Realistic Synthetic Data Generation for Fruit Detection and Precise Fruit Pose Estimation

Precision agriculture enables farmers to collect high-resolution data about the status of their crops and helps them to make crucial decisions for irrigation, harvesting, sales etc. In contrast, phenotyping methods enable accurate characterization of plant traits leading to the development of better plant varieties. Specialty crops (fruits, vegetables, flowers etc.) are particularly well suited for both precision farming and phenotyping studies, because of their high value, management costs, and variability in growth. The goal of my research is to develop computer vision and deep learning algorithms to create a general infrastructure for handling precision farming and phenotyping tasks for specialty crops.

One of the main bottlenecks for both these applications is the lack of a convenient yield monitoring system. In practice, for yield estimation - images of trees are captured along an arbitrary/predetermined path from 1 – 3 meters away for each row. Extracting intended information from these captured images poses several computer vision challenges. It includes fruit detection, counting fruits from large clusters, recovering underlying 3D geometry for tracking fruits across different image frames, and continuously changing illumination. In contrast, phenotyping studies and other precision farming tasks like pruning, picking - close-up images are necessary. Consequently, in addition to the computer vision problems, we need to address planning (where to take the image from) and manipulation (how to pick fruits) tasks. Existing computer vision algorithms do not generalize well to specialty crops. My previous work has laid the foundation for most of these tasks such as fruit detection, tracking, counting, recovering the underlying geometry and view planning for covering the fruits. Our findings indicate that fruit detection is the most fundamental and precursory to all these tasks. Existing detection methods including my previous work, perform well with an adequate amount of training data. However, labeling fruit boundaries precisely in images is a very challenging task. Even for adept graduate students of computer vision, it takes around 10 minutes or more to label all the fruits on an average apple tree.

My idea is to use synthetic data for the purpose of training deep networks. I can create synthetic data for any fruit with 3D rendering software. As we design the model ourselves, the labeling comes for free. Such data though has a significant domain gap with real data. A network trained on synthetic data is not going to perform well on real data. My plan is to reduce this domain gap with deep neural networks. Generative Adversarial Networks (GANs) (a system of two neural networks competing against each other) are a type of deep learning technique capable of transforming an input distribution to a target distribution (in our case, from a set of synthetic images to a set of real images). In recent times, they have been very successful for many applications such as image stylization, coloring etc. Existing GANs though do not preserve the underlying labels and therefore such data cannot be used for training. My idea is to design a GAN network that preserves the underlying labels. State-of-the-art GANs formulate realistic data generation as an image to image translation problem. With synthetic data though, as we have the exact model of each fruit; we can obtain the pixels belonging to all the fruits (class); the bounding boxes (instance) and pixels belonging to each fruit (mask). Instead of formulating an image to image translation problem, I plan on translating each instance individually and composting the transformed results to create the new translated image and thereby preserve the labels. This network will enable us to stylize the synthetic data to any fruit, lighting condition and environment. Consequently, we will not need to label fruit boundaries anymore.

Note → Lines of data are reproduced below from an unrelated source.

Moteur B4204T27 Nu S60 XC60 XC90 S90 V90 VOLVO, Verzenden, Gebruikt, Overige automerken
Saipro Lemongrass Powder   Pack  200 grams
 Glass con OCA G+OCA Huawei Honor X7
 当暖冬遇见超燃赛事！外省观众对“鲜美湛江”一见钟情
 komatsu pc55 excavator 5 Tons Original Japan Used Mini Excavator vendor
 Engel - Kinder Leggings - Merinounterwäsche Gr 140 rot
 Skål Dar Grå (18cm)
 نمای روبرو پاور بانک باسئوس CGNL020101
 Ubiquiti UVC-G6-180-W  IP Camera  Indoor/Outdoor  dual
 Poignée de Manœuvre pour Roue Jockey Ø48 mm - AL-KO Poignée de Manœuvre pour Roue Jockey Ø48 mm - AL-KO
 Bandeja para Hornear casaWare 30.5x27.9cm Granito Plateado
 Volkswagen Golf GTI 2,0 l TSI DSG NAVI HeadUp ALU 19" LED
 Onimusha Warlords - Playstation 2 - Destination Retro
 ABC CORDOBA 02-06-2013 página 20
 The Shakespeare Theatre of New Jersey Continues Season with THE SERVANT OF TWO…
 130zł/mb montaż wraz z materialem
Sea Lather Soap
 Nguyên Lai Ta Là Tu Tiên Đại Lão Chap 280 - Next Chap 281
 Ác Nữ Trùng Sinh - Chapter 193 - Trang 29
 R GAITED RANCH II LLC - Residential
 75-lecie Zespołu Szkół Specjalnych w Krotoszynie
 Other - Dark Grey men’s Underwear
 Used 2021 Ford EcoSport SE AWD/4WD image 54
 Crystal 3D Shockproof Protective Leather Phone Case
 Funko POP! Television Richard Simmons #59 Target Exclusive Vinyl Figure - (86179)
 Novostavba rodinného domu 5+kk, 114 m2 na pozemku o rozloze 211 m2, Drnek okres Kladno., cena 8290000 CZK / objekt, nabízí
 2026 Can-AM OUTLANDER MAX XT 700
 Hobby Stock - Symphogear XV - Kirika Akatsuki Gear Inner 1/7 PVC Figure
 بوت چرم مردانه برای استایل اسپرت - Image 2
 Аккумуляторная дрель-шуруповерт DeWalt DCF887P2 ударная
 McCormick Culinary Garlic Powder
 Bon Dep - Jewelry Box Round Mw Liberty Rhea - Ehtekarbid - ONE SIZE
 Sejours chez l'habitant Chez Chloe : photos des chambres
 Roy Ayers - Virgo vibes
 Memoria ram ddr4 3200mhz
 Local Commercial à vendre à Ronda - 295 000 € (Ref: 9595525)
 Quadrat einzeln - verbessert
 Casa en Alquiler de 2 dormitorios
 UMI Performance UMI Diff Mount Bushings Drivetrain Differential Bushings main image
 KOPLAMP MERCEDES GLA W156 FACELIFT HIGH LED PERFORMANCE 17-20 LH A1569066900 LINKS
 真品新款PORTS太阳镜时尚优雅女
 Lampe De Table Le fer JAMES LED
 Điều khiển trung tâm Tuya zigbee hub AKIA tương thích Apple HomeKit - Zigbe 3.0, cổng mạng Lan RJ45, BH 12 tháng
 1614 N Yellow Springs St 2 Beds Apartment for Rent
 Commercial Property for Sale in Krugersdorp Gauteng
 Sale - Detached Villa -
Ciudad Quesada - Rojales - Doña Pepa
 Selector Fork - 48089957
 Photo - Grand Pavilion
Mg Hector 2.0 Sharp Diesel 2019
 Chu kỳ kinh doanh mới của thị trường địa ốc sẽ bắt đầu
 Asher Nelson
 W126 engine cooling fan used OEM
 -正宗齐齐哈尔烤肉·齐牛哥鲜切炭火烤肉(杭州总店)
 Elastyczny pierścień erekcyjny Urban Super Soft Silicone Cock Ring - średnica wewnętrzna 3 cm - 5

In addition to the novel domain adaptation for fruit detection, my plan is to perform precise fruit localization and reconstruction. 3D reconstructions from existing methods are not good enough for precise fruit pose and fruit size estimation. My previous work provides us with the ability to track fruits across multiple frames as well as provide an initial 3D reconstruction. Now, I intend to find a precise geometric representation of these fruits within a cluster. Many fruits (such as apples, oranges, peaches, etc.) can be parameterized as quadric surfaces (ellipsoids, spheres, cylinders etc.). Consequently, the fruit clusters can be represented by a collection of quadrics. My idea is to use a recurrent neural network (RNN) (a type of neural network capable of operating on sequences) that takes the tracked images of a cluster of fruits as input and outputs a collection of quadrics representing them. To the crux of the method is a novel loss function (a measure of how good the learning method is doing) that utilizes the camera position and orientation, initially 3D reconstruction and the tracked images of the fruits in an indirect manner. Apart from the tracked images, the camera poses, depths and masks for the detected fruits are only going to be used in training time. Therefore, the network will learn a latent representation of the fruits as well as camera poses and depth. Afterward, I intend to formulate a novel quadric based bundle adjustment (a specific type of optimization for refining visual reconstruction) to fine-tune the quadric representations where we use the network output as the initial solution.

My ultimate goal is to advance state-of-the-art automation for precision agriculture and data science. This research is a big step toward that. I envision the instance preserving GANs as the main workhorse for generating training data (for different domains beyond agriculture- as long as we can obtain 3D models close to reality). Precise fruit size and pose estimation will lead to better yield estimates and help the picking robots plan effectively. In short, the successful completion of this research will ensure a more sustainable infrastructure for intelligent automation for precision farming and phenotyping.